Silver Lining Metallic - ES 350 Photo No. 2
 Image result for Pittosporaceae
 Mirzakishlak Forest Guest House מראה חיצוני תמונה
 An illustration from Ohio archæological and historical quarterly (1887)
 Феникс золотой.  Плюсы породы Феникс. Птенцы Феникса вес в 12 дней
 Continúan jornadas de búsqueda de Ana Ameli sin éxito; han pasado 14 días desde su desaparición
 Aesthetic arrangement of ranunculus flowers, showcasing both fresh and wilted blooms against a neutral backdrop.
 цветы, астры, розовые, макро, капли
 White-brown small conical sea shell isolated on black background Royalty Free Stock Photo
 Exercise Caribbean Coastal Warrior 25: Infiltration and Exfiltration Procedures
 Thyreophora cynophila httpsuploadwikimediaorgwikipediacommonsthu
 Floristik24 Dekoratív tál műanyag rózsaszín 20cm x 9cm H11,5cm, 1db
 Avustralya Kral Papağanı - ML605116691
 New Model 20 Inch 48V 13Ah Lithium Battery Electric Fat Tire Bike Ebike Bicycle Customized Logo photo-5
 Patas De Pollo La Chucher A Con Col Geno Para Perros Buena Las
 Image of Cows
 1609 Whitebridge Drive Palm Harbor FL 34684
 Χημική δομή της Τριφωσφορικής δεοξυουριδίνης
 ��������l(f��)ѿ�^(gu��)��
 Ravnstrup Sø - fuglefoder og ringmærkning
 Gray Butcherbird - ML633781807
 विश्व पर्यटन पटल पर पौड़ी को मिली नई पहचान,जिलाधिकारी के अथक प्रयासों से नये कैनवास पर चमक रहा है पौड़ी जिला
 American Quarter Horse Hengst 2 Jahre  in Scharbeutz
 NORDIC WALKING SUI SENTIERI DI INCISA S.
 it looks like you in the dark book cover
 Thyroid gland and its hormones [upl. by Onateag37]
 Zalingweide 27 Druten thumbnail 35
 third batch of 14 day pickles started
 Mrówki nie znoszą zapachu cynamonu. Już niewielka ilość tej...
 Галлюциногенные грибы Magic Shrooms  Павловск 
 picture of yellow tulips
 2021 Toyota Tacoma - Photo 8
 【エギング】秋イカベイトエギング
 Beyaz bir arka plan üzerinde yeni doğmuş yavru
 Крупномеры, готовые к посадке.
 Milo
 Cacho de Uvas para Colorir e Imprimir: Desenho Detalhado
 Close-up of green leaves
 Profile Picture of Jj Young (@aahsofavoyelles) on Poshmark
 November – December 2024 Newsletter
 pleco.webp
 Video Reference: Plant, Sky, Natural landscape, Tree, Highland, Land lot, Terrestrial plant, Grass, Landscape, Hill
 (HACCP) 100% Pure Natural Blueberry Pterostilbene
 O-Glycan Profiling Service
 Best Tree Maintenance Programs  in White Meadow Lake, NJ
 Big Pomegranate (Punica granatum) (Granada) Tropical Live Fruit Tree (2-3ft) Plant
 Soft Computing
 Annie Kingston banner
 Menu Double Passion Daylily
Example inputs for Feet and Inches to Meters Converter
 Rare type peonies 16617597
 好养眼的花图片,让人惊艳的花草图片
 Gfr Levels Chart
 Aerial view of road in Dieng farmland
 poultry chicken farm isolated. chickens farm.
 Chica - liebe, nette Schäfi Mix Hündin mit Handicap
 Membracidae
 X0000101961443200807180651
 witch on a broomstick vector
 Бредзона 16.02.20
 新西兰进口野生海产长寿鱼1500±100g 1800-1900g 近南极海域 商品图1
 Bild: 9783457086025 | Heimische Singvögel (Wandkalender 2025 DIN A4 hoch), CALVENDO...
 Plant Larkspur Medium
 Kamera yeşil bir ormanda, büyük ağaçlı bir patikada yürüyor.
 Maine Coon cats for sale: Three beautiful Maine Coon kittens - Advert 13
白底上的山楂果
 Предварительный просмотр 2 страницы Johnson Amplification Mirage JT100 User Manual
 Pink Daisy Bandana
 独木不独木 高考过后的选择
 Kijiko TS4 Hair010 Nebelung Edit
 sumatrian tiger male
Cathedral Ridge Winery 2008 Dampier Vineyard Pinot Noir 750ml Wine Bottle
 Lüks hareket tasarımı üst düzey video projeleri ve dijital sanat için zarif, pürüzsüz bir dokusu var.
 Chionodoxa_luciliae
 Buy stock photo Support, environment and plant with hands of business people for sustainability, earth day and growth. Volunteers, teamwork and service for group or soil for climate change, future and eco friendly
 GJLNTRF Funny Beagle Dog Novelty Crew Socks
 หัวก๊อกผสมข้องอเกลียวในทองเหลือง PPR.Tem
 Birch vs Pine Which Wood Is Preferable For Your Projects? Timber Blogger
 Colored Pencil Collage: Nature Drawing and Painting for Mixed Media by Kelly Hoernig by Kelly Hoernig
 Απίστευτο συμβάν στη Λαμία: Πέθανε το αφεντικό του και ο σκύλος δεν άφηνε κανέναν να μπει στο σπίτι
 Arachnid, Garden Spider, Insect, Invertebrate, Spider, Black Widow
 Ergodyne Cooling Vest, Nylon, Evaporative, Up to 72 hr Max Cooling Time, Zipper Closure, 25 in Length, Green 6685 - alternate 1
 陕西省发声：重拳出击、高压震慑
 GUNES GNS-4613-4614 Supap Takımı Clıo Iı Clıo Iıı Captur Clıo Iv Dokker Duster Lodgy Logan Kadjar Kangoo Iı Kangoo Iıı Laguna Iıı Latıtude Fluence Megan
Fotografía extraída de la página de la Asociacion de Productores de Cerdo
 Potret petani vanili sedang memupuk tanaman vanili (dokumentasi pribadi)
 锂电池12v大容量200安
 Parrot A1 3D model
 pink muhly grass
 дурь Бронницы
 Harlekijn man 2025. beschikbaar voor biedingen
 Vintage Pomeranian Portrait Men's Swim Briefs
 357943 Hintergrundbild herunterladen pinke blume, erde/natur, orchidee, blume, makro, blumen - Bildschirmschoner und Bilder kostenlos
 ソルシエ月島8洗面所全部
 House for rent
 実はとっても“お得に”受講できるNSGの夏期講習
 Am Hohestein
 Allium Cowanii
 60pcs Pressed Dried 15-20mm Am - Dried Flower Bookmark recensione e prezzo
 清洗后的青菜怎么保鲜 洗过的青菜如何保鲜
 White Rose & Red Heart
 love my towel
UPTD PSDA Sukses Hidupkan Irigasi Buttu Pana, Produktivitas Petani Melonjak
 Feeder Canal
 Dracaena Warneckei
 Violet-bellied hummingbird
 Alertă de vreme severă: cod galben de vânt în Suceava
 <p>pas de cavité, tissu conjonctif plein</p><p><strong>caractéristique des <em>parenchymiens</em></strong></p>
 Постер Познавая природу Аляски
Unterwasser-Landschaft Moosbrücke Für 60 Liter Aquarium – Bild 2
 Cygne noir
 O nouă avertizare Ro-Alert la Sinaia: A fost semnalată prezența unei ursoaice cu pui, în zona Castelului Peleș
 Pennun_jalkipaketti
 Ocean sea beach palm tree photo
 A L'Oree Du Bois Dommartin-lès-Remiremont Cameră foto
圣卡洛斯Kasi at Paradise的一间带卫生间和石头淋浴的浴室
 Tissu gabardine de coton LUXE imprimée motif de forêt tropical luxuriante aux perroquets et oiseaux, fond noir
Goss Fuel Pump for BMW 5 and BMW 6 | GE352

Task goal ▸ Reproduce the listing above line for line, exactly.

Solved exercise ▸
Silver Lining Metallic - ES 350 Photo No. 2
 Image result for Pittosporaceae
 Mirzakishlak Forest Guest House מראה חיצוני תמונה
 An illustration from Ohio archæological and historical quarterly (1887)
 Феникс золотой.  Плюсы породы Феникс. Птенцы Феникса вес в 12 дней
 Continúan jornadas de búsqueda de Ana Ameli sin éxito; han pasado 14 días desde su desaparición
 Aesthetic arrangement of ranunculus flowers, showcasing both fresh and wilted blooms against a neutral backdrop.
 цветы, астры, розовые, макро, капли
 White-brown small conical sea shell isolated on black background Royalty Free Stock Photo
 Exercise Caribbean Coastal Warrior 25: Infiltration and Exfiltration Procedures
 Thyreophora cynophila httpsuploadwikimediaorgwikipediacommonsthu
 Floristik24 Dekoratív tál műanyag rózsaszín 20cm x 9cm H11,5cm, 1db
 Avustralya Kral Papağanı - ML605116691
 New Model 20 Inch 48V 13Ah Lithium Battery Electric Fat Tire Bike Ebike Bicycle Customized Logo photo-5
 Patas De Pollo La Chucher A Con Col Geno Para Perros Buena Las
 Image of Cows
 1609 Whitebridge Drive Palm Harbor FL 34684
 Χημική δομή της Τριφωσφορικής δεοξυουριδίνης
 ��������l(f��)ѿ�^(gu��)��
 Ravnstrup Sø - fuglefoder og ringmærkning
 Gray Butcherbird - ML633781807
 विश्व पर्यटन पटल पर पौड़ी को मिली नई पहचान,जिलाधिकारी के अथक प्रयासों से नये कैनवास पर चमक रहा है पौड़ी जिला
 American Quarter Horse Hengst 2 Jahre  in Scharbeutz
 NORDIC WALKING SUI SENTIERI DI INCISA S.
 it looks like you in the dark book cover
 Thyroid gland and its hormones [upl. by Onateag37]
 Zalingweide 27 Druten thumbnail 35
 third batch of 14 day pickles started
 Mrówki nie znoszą zapachu cynamonu. Już niewielka ilość tej...
 Галлюциногенные грибы Magic Shrooms  Павловск 
 picture of yellow tulips
 2021 Toyota Tacoma - Photo 8
 【エギング】秋イカベイトエギング
 Beyaz bir arka plan üzerinde yeni doğmuş yavru
 Крупномеры, готовые к посадке.
 Milo
 Cacho de Uvas para Colorir e Imprimir: Desenho Detalhado
 Close-up of green leaves
 Profile Picture of Jj Young (@aahsofavoyelles) on Poshmark
 November – December 2024 Newsletter
 pleco.webp
 Video Reference: Plant, Sky, Natural landscape, Tree, Highland, Land lot, Terrestrial plant, Grass, Landscape, Hill
 (HACCP) 100% Pure Natural Blueberry Pterostilbene
 O-Glycan Profiling Service
 Best Tree Maintenance Programs  in White Meadow Lake, NJ
 Big Pomegranate (Punica granatum) (Granada) Tropical Live Fruit Tree (2-3ft) Plant
 Soft Computing
 Annie Kingston banner
 Menu Double Passion Daylily
Example inputs for Feet and Inches to Meters Converter
 Rare type peonies 16617597
 好养眼的花图片,让人惊艳的花草图片
 Gfr Levels Chart
 Aerial view of road in Dieng farmland
 poultry chicken farm isolated. chickens farm.
 Chica - liebe, nette Schäfi Mix Hündin mit Handicap
 Membracidae
 X0000101961443200807180651
 witch on a broomstick vector
 Бредзона 16.02.20
 新西兰进口野生海产长寿鱼1500±100g 1800-1900g 近南极海域 商品图1
 Bild: 9783457086025 | Heimische Singvögel (Wandkalender 2025 DIN A4 hoch), CALVENDO...
 Plant Larkspur Medium
 Kamera yeşil bir ormanda, büyük ağaçlı bir patikada yürüyor.
 Maine Coon cats for sale: Three beautiful Maine Coon kittens - Advert 13
白底上的山楂果
 Предварительный просмотр 2 страницы Johnson Amplification Mirage JT100 User Manual
 Pink Daisy Bandana
 独木不独木 高考过后的选择
 Kijiko TS4 Hair010 Nebelung Edit
 sumatrian tiger male
Cathedral Ridge Winery 2008 Dampier Vineyard Pinot Noir 750ml Wine Bottle
 Lüks hareket tasarımı üst düzey video projeleri ve dijital sanat için zarif, pürüzsüz bir dokusu var.
 Chionodoxa_luciliae
 Buy stock photo Support, environment and plant with hands of business people for sustainability, earth day and growth. Volunteers, teamwork and service for group or soil for climate change, future and eco friendly
 GJLNTRF Funny Beagle Dog Novelty Crew Socks
 หัวก๊อกผสมข้องอเกลียวในทองเหลือง PPR.Tem
 Birch vs Pine Which Wood Is Preferable For Your Projects? Timber Blogger
 Colored Pencil Collage: Nature Drawing and Painting for Mixed Media by Kelly Hoernig by Kelly Hoernig
 Απίστευτο συμβάν στη Λαμία: Πέθανε το αφεντικό του και ο σκύλος δεν άφηνε κανέναν να μπει στο σπίτι
 Arachnid, Garden Spider, Insect, Invertebrate, Spider, Black Widow
 Ergodyne Cooling Vest, Nylon, Evaporative, Up to 72 hr Max Cooling Time, Zipper Closure, 25 in Length, Green 6685 - alternate 1
 陕西省发声：重拳出击、高压震慑
 GUNES GNS-4613-4614 Supap Takımı Clıo Iı Clıo Iıı Captur Clıo Iv Dokker Duster Lodgy Logan Kadjar Kangoo Iı Kangoo Iıı Laguna Iıı Latıtude Fluence Megan
Fotografía extraída de la página de la Asociacion de Productores de Cerdo
 Potret petani vanili sedang memupuk tanaman vanili (dokumentasi pribadi)
 锂电池12v大容量200安
 Parrot A1 3D model
 pink muhly grass
 дурь Бронницы
 Harlekijn man 2025. beschikbaar voor biedingen
 Vintage Pomeranian Portrait Men's Swim Briefs
 357943 Hintergrundbild herunterladen pinke blume, erde/natur, orchidee, blume, makro, blumen - Bildschirmschoner und Bilder kostenlos
 ソルシエ月島8洗面所全部
 House for rent
 実はとっても“お得に”受講できるNSGの夏期講習
 Am Hohestein
 Allium Cowanii
 60pcs Pressed Dried 15-20mm Am - Dried Flower Bookmark recensione e prezzo
 清洗后的青菜怎么保鲜 洗过的青菜如何保鲜
 White Rose & Red Heart
 love my towel
UPTD PSDA Sukses Hidupkan Irigasi Buttu Pana, Produktivitas Petani Melonjak
 Feeder Canal
 Dracaena Warneckei
 Violet-bellied hummingbird
 Alertă de vreme severă: cod galben de vânt în Suceava
 <p>pas de cavité, tissu conjonctif plein</p><p><strong>caractéristique des <em>parenchymiens</em></strong></p>
 Постер Познавая природу Аляски
Unterwasser-Landschaft Moosbrücke Für 60 Liter Aquarium – Bild 2
 Cygne noir
 O nouă avertizare Ro-Alert la Sinaia: A fost semnalată prezența unei ursoaice cu pui, în zona Castelului Peleș
 Pennun_jalkipaketti
 Ocean sea beach palm tree photo
 A L'Oree Du Bois Dommartin-lès-Remiremont Cameră foto
圣卡洛斯Kasi at Paradise的一间带卫生间和石头淋浴的浴室
 Tissu gabardine de coton LUXE imprimée motif de forêt tropical luxuriante aux perroquets et oiseaux, fond noir
Goss Fuel Pump for BMW 5 and BMW 6 | GE352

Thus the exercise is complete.